Pemerintah menjadikan industri kelapa sawit sebagai model utama dalam mengembangkan ekosistem hilirisasi teknologi yang menguntungkan masyarakat. Melalui kolaborasi antara Kementerian Pendidikan Tinggi, Sains, dan Teknologi (Kemdiktisaintek) dengan Dewan Minyak Sawit Indonesia dan mitra strategis, fokus riset dan inovasi kini diarahkan untuk memberikan dampak positif secara langsung di lapangan.

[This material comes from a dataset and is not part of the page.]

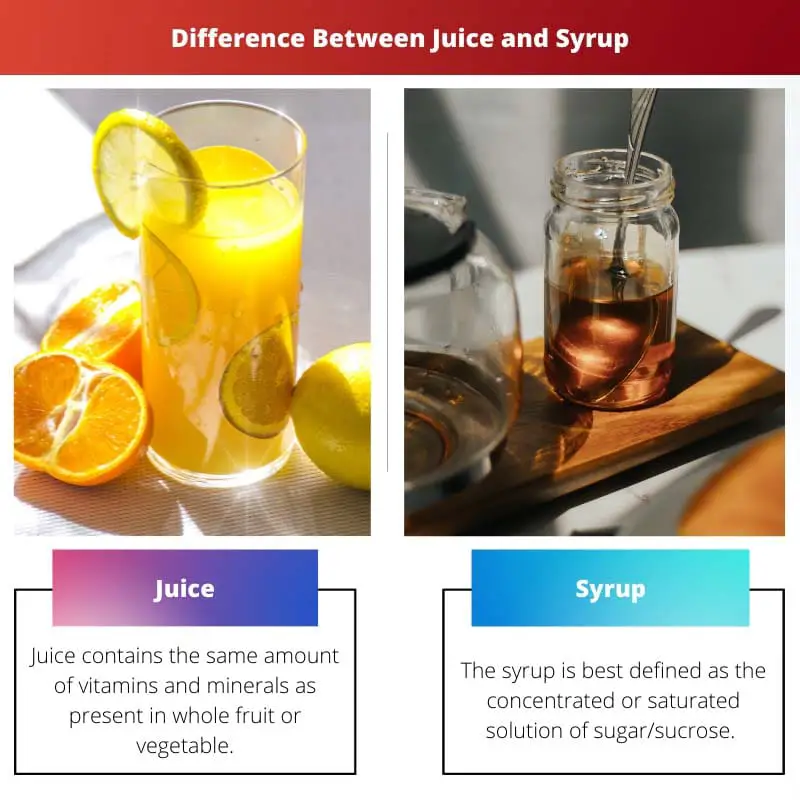 Difference Between Juice and Syrup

Menteri Pendidikan Tinggi, Sains, dan Teknologi, Brian Yuliarto, menegaskan bahwa kelapa sawit adalah komoditas strategis yang membutuhkan proses hilirisasi yang komprehensif. "Ini akan menjadi proyek percontohan, dan kami akan memastikan pelaksanaannya berjalan sukses," ujarnya dalam sebuah pertemuan lintas sektor.
Brian menekankan pentingnya pengembangan teknologi pengolahan sawit yang ramah lingkungan, serta penerapan model bisnis inklusif berbasis koperasi petani. Pendekatan ini tidak hanya berfokus pada produk akhir, tetapi juga menata ulang rantai pasok dan sistem ekonomi lokal yang selama ini belum tersentuh inovasi teknologi.
Salah satu inovasi yang memasuki tahap komersialisasi adalah teknologi pengolahan sawit tanpa air (dry process) dengan suhu rendah di bawah 80°C. Teknologi ini dikembangkan oleh konsorsium ITB, MIPA UI, PT NCA, dan Agro Investama, dan menghasilkan produk seperti RBMO (Refined Bleached Minimized-Olein) dengan kandungan 3-MCPD yang sangat rendah—memenuhi standar internasional.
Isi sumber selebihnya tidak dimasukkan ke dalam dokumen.